Seria fácil tipificar esta interpretação com exemplos de vinhos sublimes provenientes de cada uma destas regiões, vinhos do Porto como o Graham’s Ne Oublie ou o Taylor’s Colheita 1863, vinhos da Madeira como o Barbeito Mãe Manuela 40 Anos ou o Blandy’s Bual 1920, vinhos Moscatel de Setúbal como os JMF Moscatel de Setúbal Superior 1911 ou o Bacalhôa Moscatel de Setúbal 1983 20 Anos. Mas, apesar da dimensão qualitativa e sensorial quase sobrenatural de qualquer um destes vinhos, o preço muito elevado, embora inteiramente justificado, e a raridade extrema que os torna quase impossíveis de encontrar em garrafeiras, acabam por aconselhar a sugestão de exemplos mais terrenos e mais fáceis de acomodar.

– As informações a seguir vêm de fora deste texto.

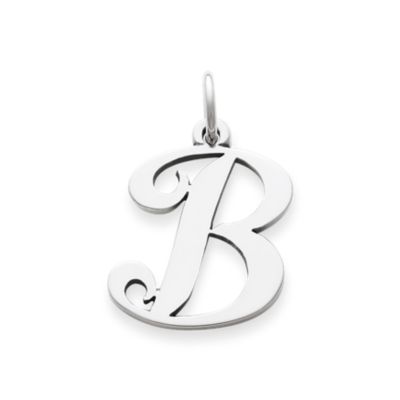 Large Script Initial Charm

Para entender o que a lenta passagem do tempo e o génio do homem podem fazer, para entender que os vinhos também podem ser a obra do homem em lugar do triunfo da natureza, basta olhar para vinhos que nos estão mais próximos e que se encontram disponíveis em grande parte das boas garrafeiras nacionais. Olhe-se para o Ramos Pinto 30 Anos, um vinho de cor ambarina alaranjada e brilho intenso. É fácil gostar do encanto do vinagrinho e da casca de laranja, da massa de padeiro e da incrível frescura que oferece. Viscoso, glicerinado e gordo, ao invés do que a idade poderia fazer pressupor, apresenta-se brilhante e viçoso, alegre e radiante, terminando fresco face a uma acidez muito bem medida. Belíssimo para final de dia ou para meditar nas grandes decisões da vida.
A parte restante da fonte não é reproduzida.